# [STUDY MATERIAL]

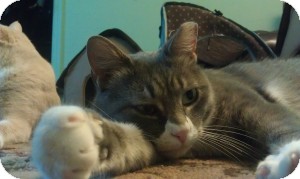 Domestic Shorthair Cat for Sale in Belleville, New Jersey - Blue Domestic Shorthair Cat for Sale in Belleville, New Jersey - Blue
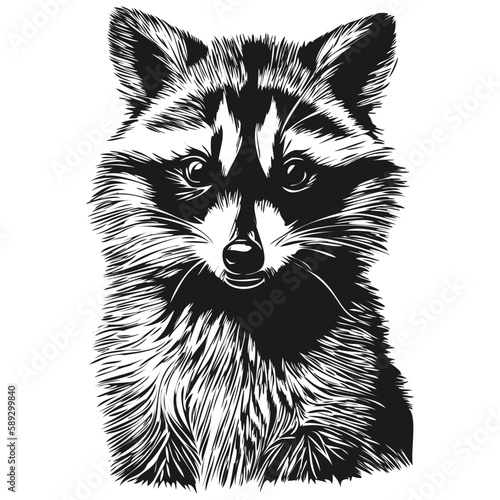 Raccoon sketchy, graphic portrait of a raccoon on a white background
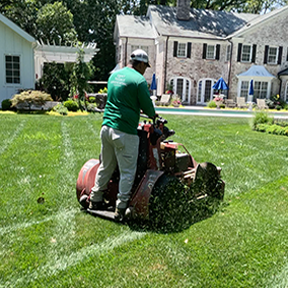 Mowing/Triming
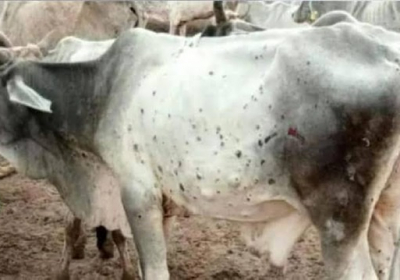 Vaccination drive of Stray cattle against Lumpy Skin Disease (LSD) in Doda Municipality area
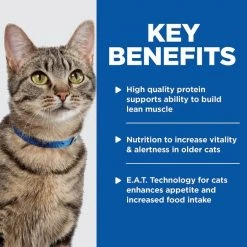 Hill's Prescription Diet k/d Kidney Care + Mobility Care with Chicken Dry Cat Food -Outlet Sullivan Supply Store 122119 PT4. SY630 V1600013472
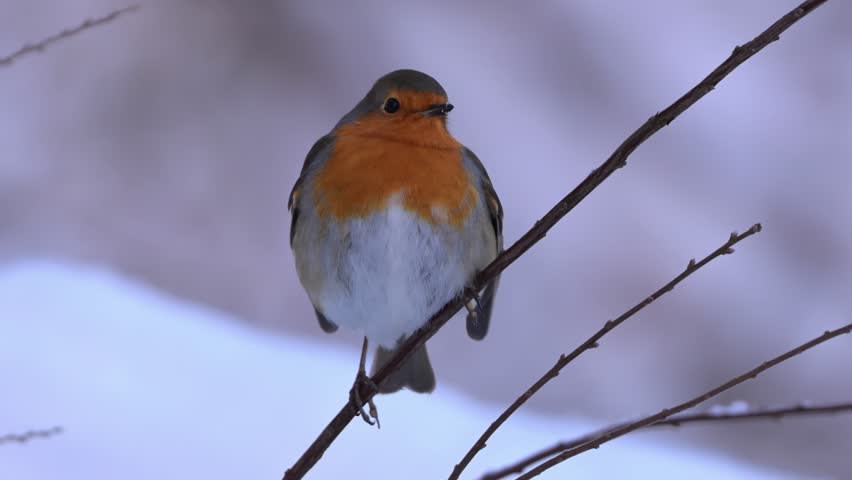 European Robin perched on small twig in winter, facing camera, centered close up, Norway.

# [WORK INSTRUCTIONS]
Take the material above from the line bearing "Vaccination drive of" through the line bearing "Hill's Prescription Diet" and write it out exactly, both end lines included. Pictures stay out.

# [TASK OUTPUT]
 Vaccination drive of Stray cattle against Lumpy Skin Disease (LSD) in Doda Municipality area
 Hill's Prescription Diet k/d Kidney Care + Mobility Care with Chicken Dry Cat Food -Outlet Sullivan Supply Store 122119 PT4. SY630 V1600013472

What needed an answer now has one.